Olive has long explored limb differences through art, from making sculptures of arms to writing a screenplay about "finding the limb-different community" - all with the hope of normalizing something that is, well, normal.

Olive's videos are part of a trend on TikTok where creators living with disabilities will tell their stories or explain how they perform certain tasks, using hashtags such as #disabled and #amputee. They stand in stark opposition to Hollywood, where people living with disabilities is one of the most underrepresented groups. Its 56.7 million members constitute nearly 20% of the population, according to the 2010 Census - and a study from the University of Southern California Annenberg Inclusion Initiative that focused on 900 popular movies from 2007 to 2016 found that only 2.7% of speaking characters were portrayed as disabled.

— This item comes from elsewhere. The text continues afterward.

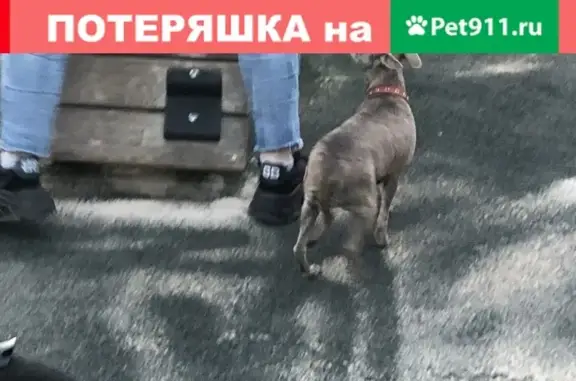 Найдена собачка в Братиславском парке, Москва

Video: Deaf content creators on social media accessibility

Even when they are represented on screen, it's often by able-bodied actors. To wit: Eddie Redmayne, Colin Firth, Daniel Day-Lewis, Dustin Hoffman, Tom Hanks, Al Pacino and Jamie Foxx have all won Oscars in the past two decades by playing visibly disabled characters. Even more recently, Dwyane Johnson played an action-hero amputee in 2018's "Skyscraper" and Bryan Cranston was a wealthy quadriplegic in 2017's "The Upside."

Jenni Gold, a wheelchair-using director who made "CinemAbility," a documentary about disability in Hollywood, told The Washington Post in 2019, "In a crowd scene, there often isn't one person with a disability. If you don't exist in that world of the film, how do you exist in real life?"

"There's been a severe lack in limb different and disabled representation in the media for a long time," Olive said. "Usually, when you see a disabled character, it's unrealistic or they're falsely portrayed."

Meanwhile, people such as Olive who identify as nonbinary are not commonly seen in mass media, they added.

"I've never seen someone such as myself, and I thought it would be nice to have that kind of representation," Olive said. "To let other people know that I do exist."

TikTok - as all social media platforms - allows Olive to circumvent the Hollywood system. Olive joined the platform last May but began posting regularly about six months ago, often focusing on their limb difference. An early one titled "a personal message to film makers who fake disabilities rather than casting actor" shows Olive standing with the middle finger of their left hand defiantly raised.

Now, though, Olive is focusing less on such punk rock-esque statements and more on educating the public about limb differences. One way of doing so came from a partnership with Open Bionics, the creators of bionic limbs. Olive wears one inspired by the "Metal Gear Solid" video games, which features a character named Venom Snake who loses his left arm and requires a bionic replacement.

Olive regularly posts TikToks showing them using the arm in various ways, everything from weightlifting to goofily caressing their boyfriend's face.

In others, they answer questions from comments left on those videos. In one, Olive explains how lifting weights with the bionic arm forces their biceps to engage, thus strengthening the muscle even though the bionic hand grasps the bar.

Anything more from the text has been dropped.